Un vide démocratique préoccupant
Le parlement tunisien, dont le rôle est constitutionnellement limité, a été exclu de toute discussion sur cet accord crucial, laissant les citoyens dans l’ignorance totale quant à la direction prise par le président de la république Kaïs Saïed, seul maître à bord décidant pour 12 millions de Tunisiens. Cette absence de débat interne prive la population de son droit à l’information et à la participation dans les choix nationaux et internationaux du pays, créant ainsi un vide démocratique préoccupant.
L’opacité institutionnelle en Tunisie se manifeste également par le manque d’explication claire concernant les stratégies de négociation adoptées et la logique derrière les choix faits par les décideurs ou plutôt que LE décideur.
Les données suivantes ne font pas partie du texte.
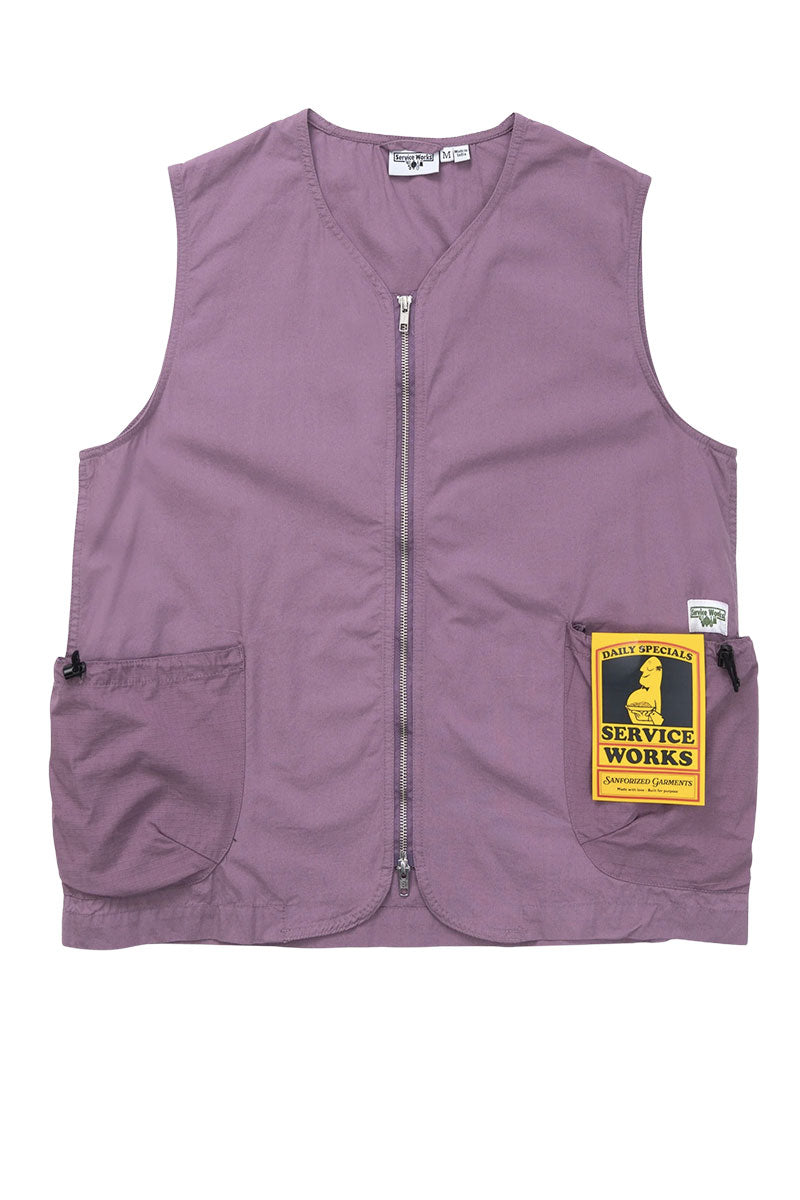 SERVICE WORKS GARDENER VEST Grape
Les citoyens sont laissés dans l’incertitude quant aux implications à long terme de cet accord avec l’UE, ainsi qu’à la manière dont il sera mis en œuvre. Cette absence de transparence fragilise la légitimité des décisions prises par l’État tunisien et mine la confiance des citoyens envers leurs représentants.
Un autre aspect troublant est le silence qui entoure le président Saïed, car il ne fait jamais l’objet de questionnements, que ce soit de la part du parlement ou des médias. Cette opacité dans sa communication avec le peuple tunisien est particulièrement troublante, puisque malgré ses éloges pour la démocratie directe, aucune initiative n’a été prise pour impliquer activement les citoyens dans la décision concernant le mémorandum.
Incohérence entre les discours et les actions
Alors que la démocratie directe, telle qu’elle est pratiquée dans des pays comme la Suisse, implique la tenue de référendums pour les questions cruciales, permettant ainsi aux citoyens de prendre des décisions qui auront un impact significatif sur leur pays, la Tunisie n’a pas offert aux citoyens cette opportunité démocratique dans cette situation.
En empêchant toute participation démocratique classique à travers le parlement ou des débats publics auxquels la société civile et les médias pourraient jouer un rôle, ni à travers une nouvelle approche qui assure la participation directe dans la décision dans ce genre de décision, même si elle était appliquée précédemment lors des occasions moins importantes que ce mémorandum, que ce soit sous forme de consultation nationale ou référendum.
Cette incohérence entre les discours et les actions du président suscite des doutes sur la sincérité de son engagement envers une véritable démocratie directe, privant ainsi le peuple tunisien de sa capacité à exercer son droit à l’information, à poser des questions pertinentes et à participer pleinement aux décisions nationales et internationales qui façonneront leur avenir.
Pour véritablement honorer les principes d’une démocratie, qu’elle soit représentative ou directe, il est essentiel qu’un débat interne transparent et ouvert soit permis. Cela permettrait une véritable participation citoyenne et une prise de décision démocratique, à travers les représentants tels que les députés, la société civile, les médias, ou en adoptant de nouvelles approches telles que des consultations ou référendums. Le plus important est que la décision soit prise à la suite d’un consensus national, garantissant ainsi sa durabilité et sa légitimité.